Outro ponto que atrapalha bastante é o som. A trilha sonora, embora com momentos inspirados, invade demais os diálogos: em várias cenas, a música se sobressai de tal forma que fica difícil ouvir claramente o que os personagens estão dizendo. Em vez de ajudar a construir atmosferas emocionais delicadas, a trilha se torna intrusiva, abafando nuances de atuação e matizando mal a voz de Squibb, Kellyman ou Hecht nos momentos mais íntimos. É uma pena, porque o trabalho de Johansson poderia emergir com mais força se houvesse um equilíbrio melhor entre som ambiente, trilha e fala.

Mas não posso encerrar sem destacar o que realmente salva o filme: June Squibb. Sua interpretação é simplesmente magnífica — o grande trunfo de todo o projeto.

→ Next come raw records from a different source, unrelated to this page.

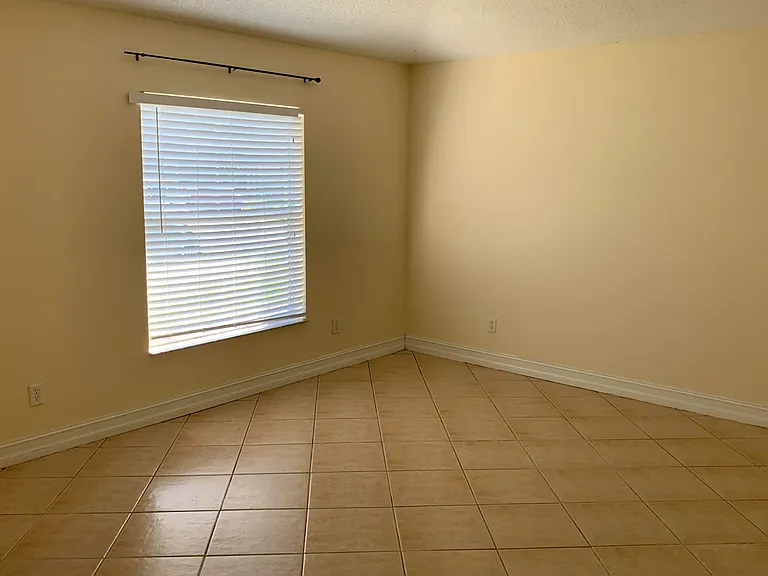 269 SW Ridgecrest Dr — Photo 7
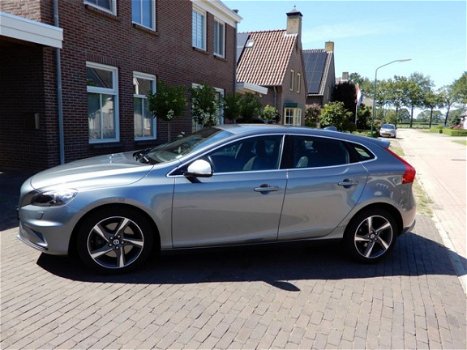 Volvo V40 - 2.0 D3 Summum - 1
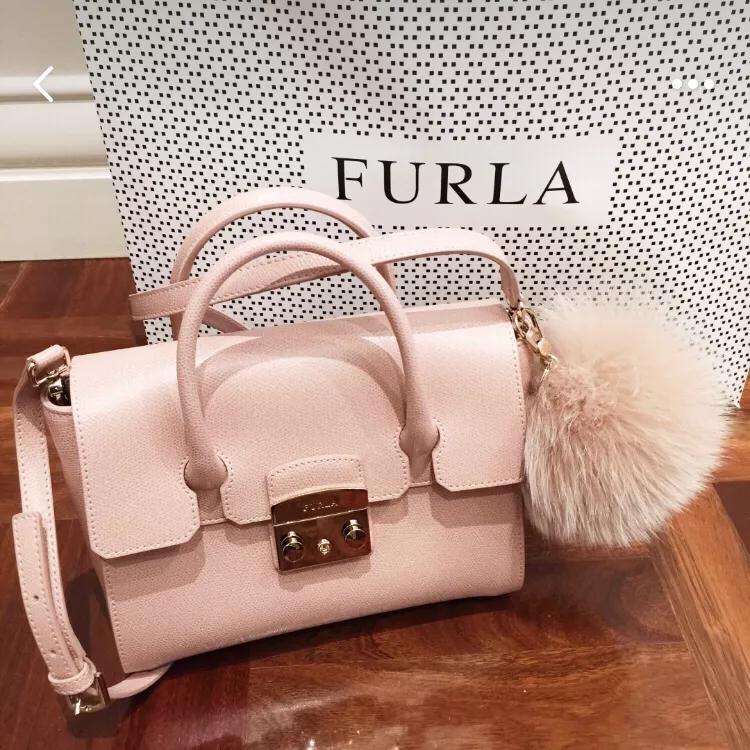 人生中第一只包包怎么选,轻奢包入手第一只推荐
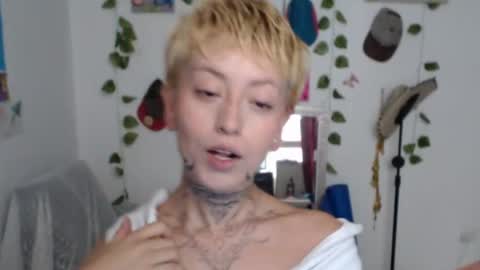 Snapshot of seley222 chatting on 4, 6, 2026 Ask me online show from 4, 6, 2026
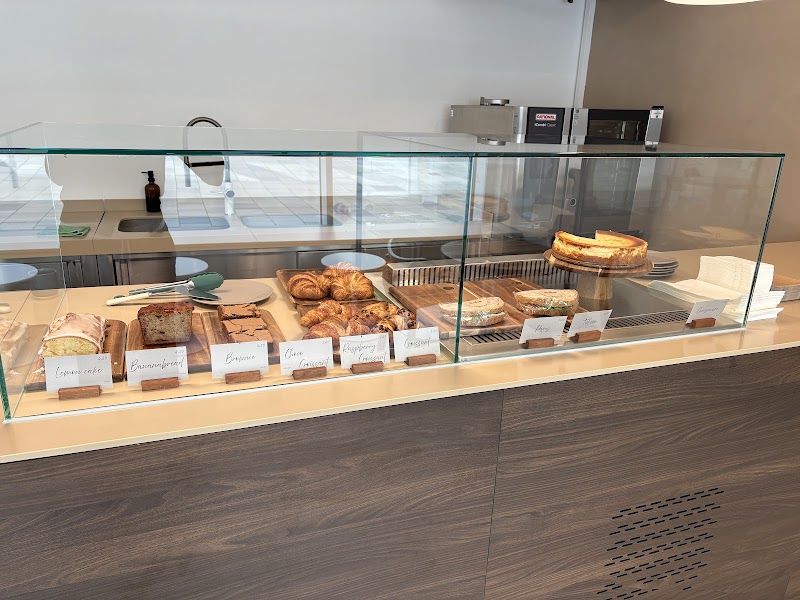 KUKA - Coffee Shop / Vienna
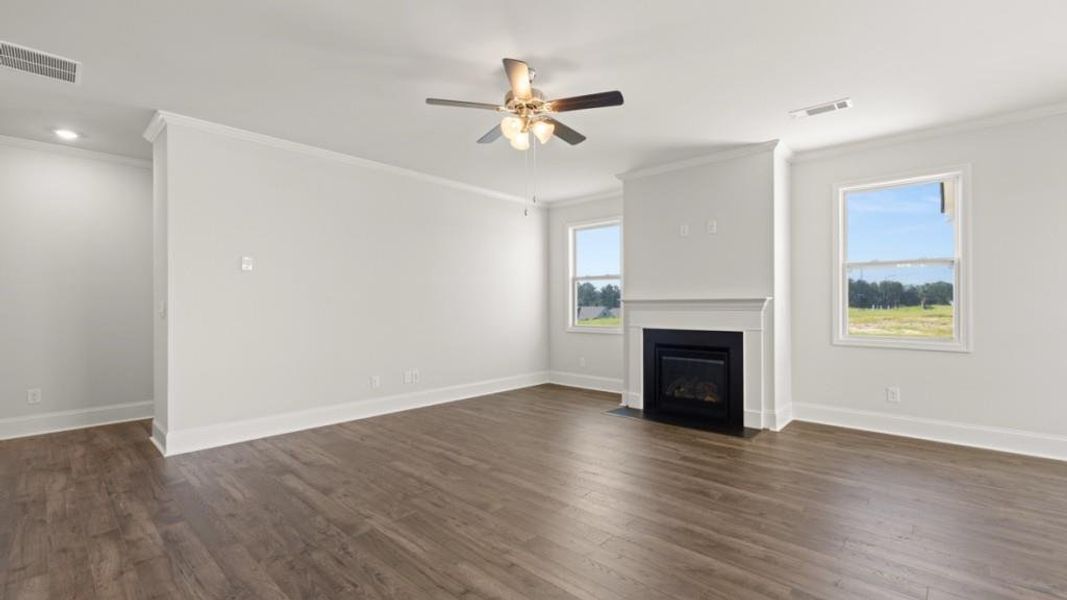 Spacious, unfurnished interior of a new home in Hamptons at Riverwood East, Dallas (Image 12).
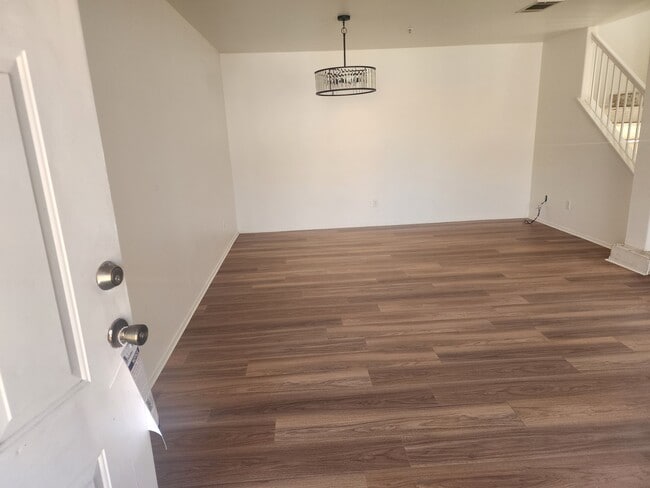 Building Photo - 1050 Harbor Heights Dr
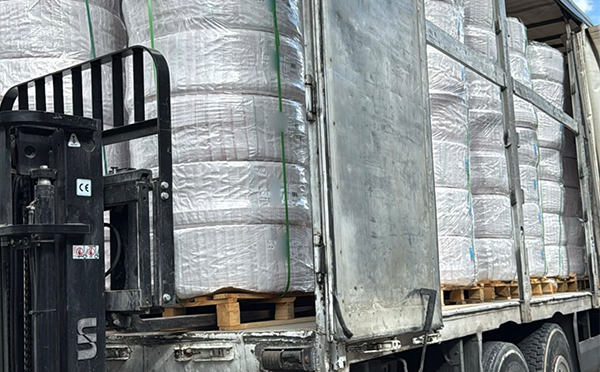 loading photo 1 — truck interior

Squibb traz uma graça intrínseca, uma mistura de força, vulnerabilidade, humor ácido e ternura genuína que sustenta cada cena em que ela aparece. Há momentos em que basta um pequeno sorriso ou uma faísca de indignação em seus olhos para que todo o filme recobre vida. Ela consegue irradiar personalidade, mesmo quando a trama ao redor se torna previsível ou banal. É exatamente a mesma sensação que tive com seu trabalho em Thelma: o filme pode não ser brilhante, mas ela é um primor em sua interpretação — uma atriz completa, com uma presença que lota a tela e carrega o peso de dilemas morais sem jamais perder a humanidade.

No que diz respeito à direção, Johansson mostra ambição e sensibilidade, mas também inexperiência. Há passagens em que sua mão é firme, sobretudo nas cenas íntimas entre Eleanor e Nina (Erin Kellyman), onde o luto e a amizade se entrelaçam com naturalidade — Kellyman, por sua vez, entrega uma performance honesta, equilibrando a dor da perda com a curiosidade de quem quer dar voz a um relato poderoso. E há ainda a figura de Chiwetel Ejiofor, no papel do pai de Nina, Roger, que traz uma gravidade necessária, embora sua jornada emocional pareça em alguns momentos mal dimensionada no roteiro.

A fotografia, assinada por Hélène Louvart, tem méritos: ela captura ambientes de forma simples, sem ostentar, remetendo a uma estética de documentário íntimo que combina bem com a narrativa centrada em personagens. Mas há ocasiões em que a mise-en-scène peca por ser excessivamente prosaica, sem jogo visual que acompanhe a ambição dramática da história. A direção de arte e os figurinos ajudam a ambientar bem: a Nova York envelhecida, os salões do centro comunitário judaico, os apartamentos modestos — tudo parece familiar, acolhedor, mas também carrega uma melancolia sutil.

Em termos de roteiro, Tory Kamen cria uma premissa poderosa — a identidade, a perda, a mentira como forma de pertencer —, mas a execução deixa a desejar quando o filme deveria escavar mais. O dilema ético de Eleanor é instigante, mas o filme acaba encapando o conflito real e simplificando as consequências. Há um tom de ingenuidade moral que incomoda, especialmente quando se trata de algo tão delicado quanto a apropriação da memória de Bessie, uma sobrevivente do Holocausto. Em vez de enfrentar as repercussões profundas dessa usurpação, o filme prefere transitar por caminhos mais seguros, quase como se quisesse poupar sua personagem de um enfrentamento mais radical.

Ao final, A Incrível Eleanor entrega belas cenas emocionais, momentos ternos e risos verdadeiros, e tudo isso graças, em grande parte, à performance de Squibb e à boa conexão entre os personagens. Mas o drama que toma conta da reta final se sustenta em conveniências narrativas e escolhas fáceis. O tom moral se amarra por amarrotados emocionais, em vez de se desenvolver com a complexidade que o tema sugere.

Em resumo, é um filme com bons instantes — alguns bem tocantes, outros divertidos —, mas que falha em sustentar seu próprio potencial. Johansson, em seu primeiro longa como diretora, demonstra sensibilidade e boas intenções, mas peca quando tenta equilibrar comédia e tragédia sem realmente mergulhar fundo nas contradições morais do enredo. A edição amadora e o som mal equilibrado atrapalham a experiência, mas a força de June Squibb é tão grande que muitas vezes ela salva o que poderia se tornar apenas um exercício de boas ideias não completamente realizadas. Se você gosta de filmes de personagens, de dramas honestos e de atuações brilhantes, vale a pena assistir — mas não espere uma obra redonda nem uma dramédia bem costurada de ponta a ponta.